Other tracks such as ‘Girlfriend’, ‘Get To Know Me’ and ‘Weird Faith’ detail more of the complications of a new relationship, dealing with exes, revealing your flaws and the lessons you learn from it all. The album really highlights the highs and exposes the lows of love, and that it isn’t always what it is made out to be. Despite it, you still choose to stay, like on ‘KFM’, the title a light-hearted play on words, Diaz wants to always be with them, even when she could metaphorically kill them.
One song does this theme particularly well. On what is sure to be the standout track, Diaz becomes more countrified, enlisting the genre’s sweetheart, Kacey Musgraves with ‘Don’t Do Me Good’. The track has already gained over a million streams on Spotify, promising more big numbers coming Diaz’s way for this album. Of course, it is not all due to Musgraves’ notoriety that this is doing well, the song is a triumph. It explores the inner conflict of needing to leave a relationship but getting pulled back in every time. It’s also exactly what this song does, releasing us and then pulling us back in with another heartbreaking lyric. Diaz said she “wanted this song to feel like calling your friend in that moment of needing to commiserate with someone” and “to have that person say “yeah man, I’ve so been there””. On the outro, Diaz takes up a high harmony that feels like a release of the pain she’s been keeping to herself within the relationship.

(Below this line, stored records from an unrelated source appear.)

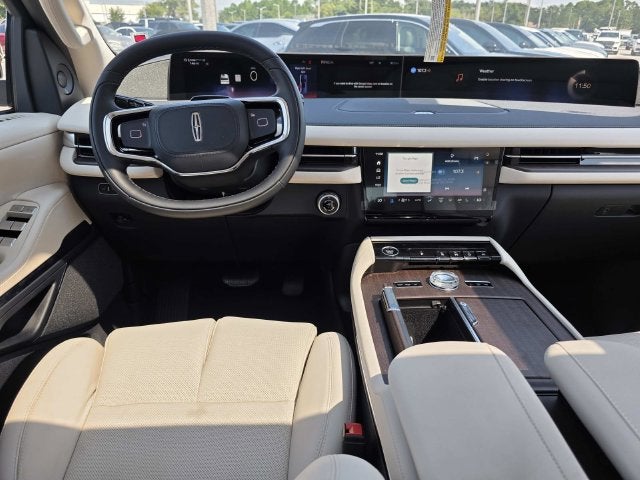 2027 Lincoln Navigator Reserve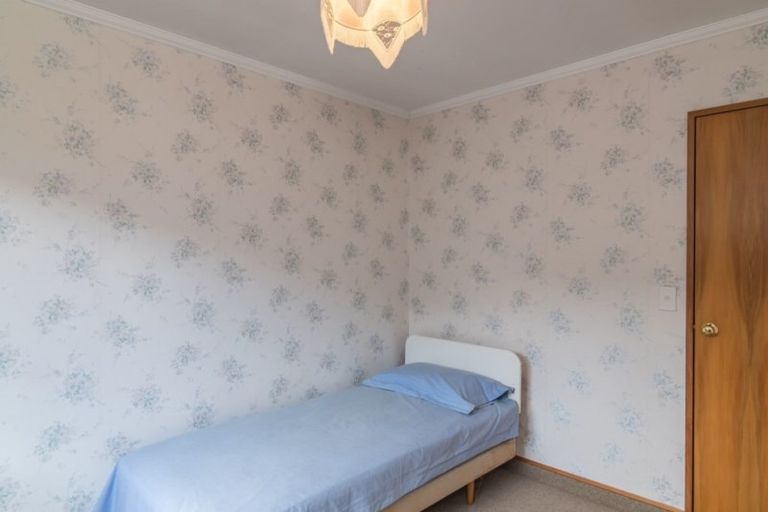 Photo of property in 3 Balmerino Grove, Waikanae, 5036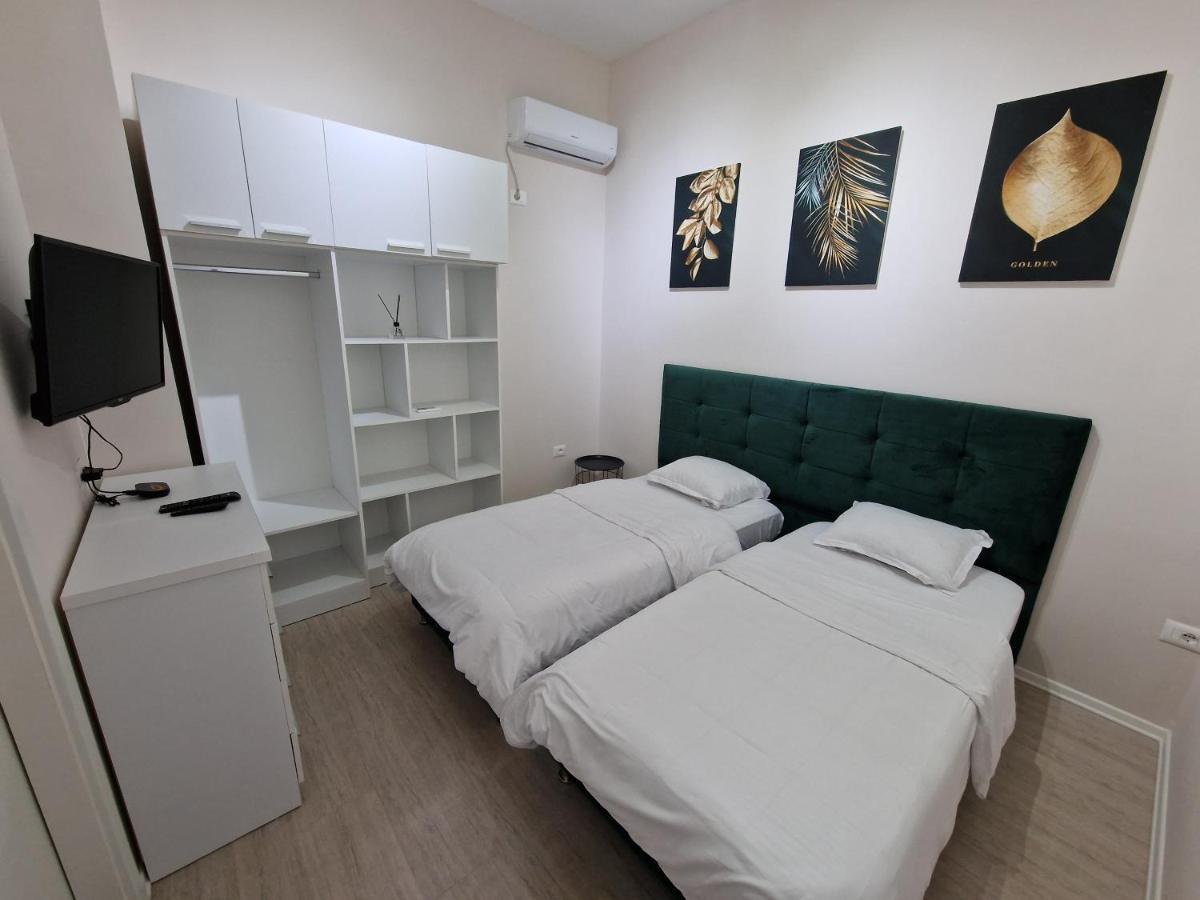 Hq Apartment In Center Tirana Exterior photo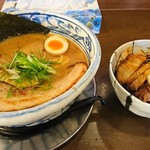 ラーメン いっとうや - かさね醤油大盛とチャーシュー丼マヨ抜き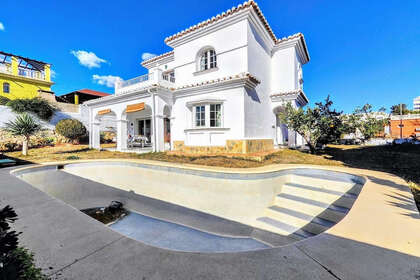 Řadový dům na prodej v Benalmádena, Málaga. 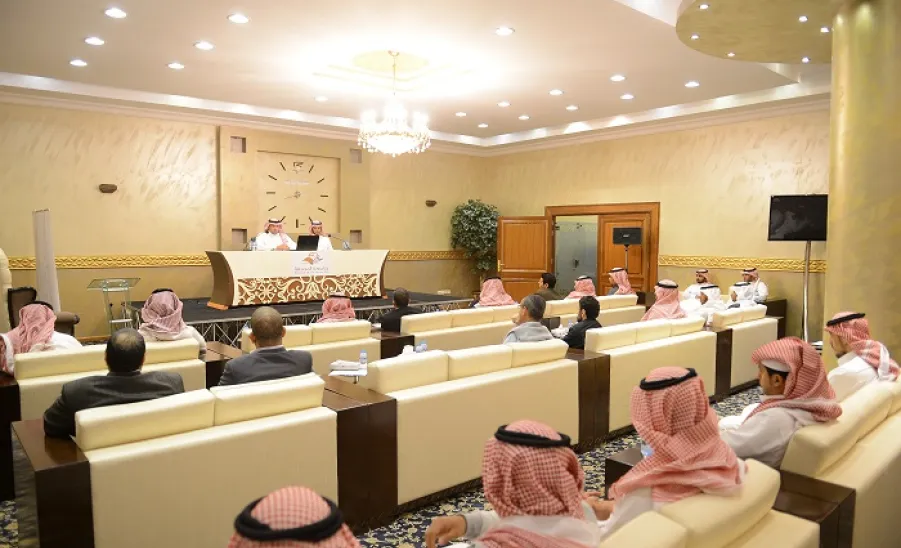 لجنة جائزة معالي مدير الجامعة للمواقع الفرعية ومواقع أعضاء هيئة التدريس والموظفين المتميزة تقيم ورشة عمل -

Meanwhile, Musgraves sings the song’s melody, her calmer, soothing vocals representing the friend on the phone, reflecting on a, now past, but similar experience.
Closing the album, ‘Obsessive Thoughts’, leaves us with her final outburst. She has said all that she thinks, and this song is the last indicator. Her fiery, powerful background vocals are like letting out pent-up thoughts in scream form. The outro, and the last takeaway from the album, has her echoing some words, (“It’s a lot (lot)”), mimicking her repetitive thoughts that will continue to go on despite the record’s conclusion.